Over several years, Catholic News Service reporters visited parishes from Alaska to New Jersey to Mississippi to look at the different ways parishes have adapted to an era of declining numbers of priests and increasing cultural diversity. With Pope Francis’ approaching visit, we examined what kind of US Church the pope would find if he had time to visit a cross-section of American parishes. Stories in the series will look at parish finances, clergy roles, education, and some non-traditional ways parishes organize themselves today.
First in a series
WASHINGTON — If Pope Francis were to have time on his US visit this month to stop at “typical” parishes, it might take a week or two just to see a representative sample.
Of course, while no two parishes anywhere in the world are exactly alike, North American Catholics who grew up in the middle of the 20th century likely would have felt more or less at home at the time visiting most churches around the United States.

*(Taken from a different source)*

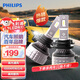 飛利浦（PHILIPS）led汽車(chē)大燈 高亮光HB3/HB4燈泡 遠光近光一體 寶駿730起亞
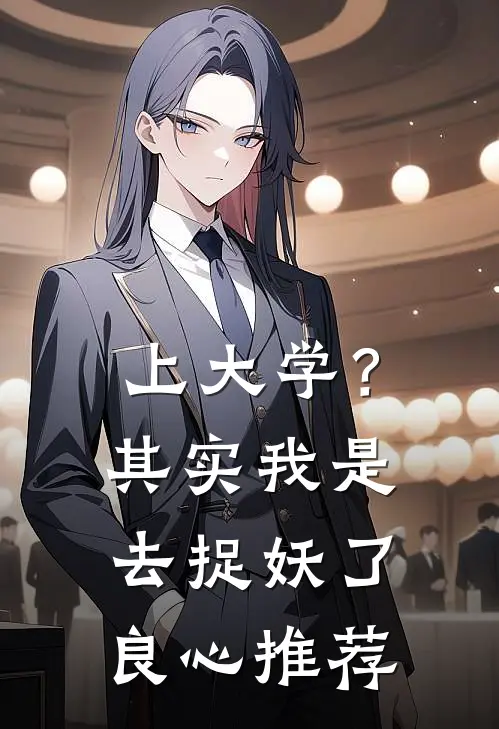 上大学？其实我是去捉妖了良心推荐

The average parish of those decades probably was not unlike the version found in movies such as “Going My Way,” the Bing Crosby classic. In such parishes, “Father” was in charge of a smooth-running operation, with a couple of priests to assist him. Likely, “Sister” and other religious women ran the school. A handful of laypeople had minor parish support roles, but mostly the laity was found in the pews, bringing their children to school or supporting the church through bingo, carnivals, and pancake breakfasts.
Today, changing demographics of the US Catholic population have brought a great deal of variety to parishes — the US church is now 40 percent Latino, a proportion that is rapidly increasing.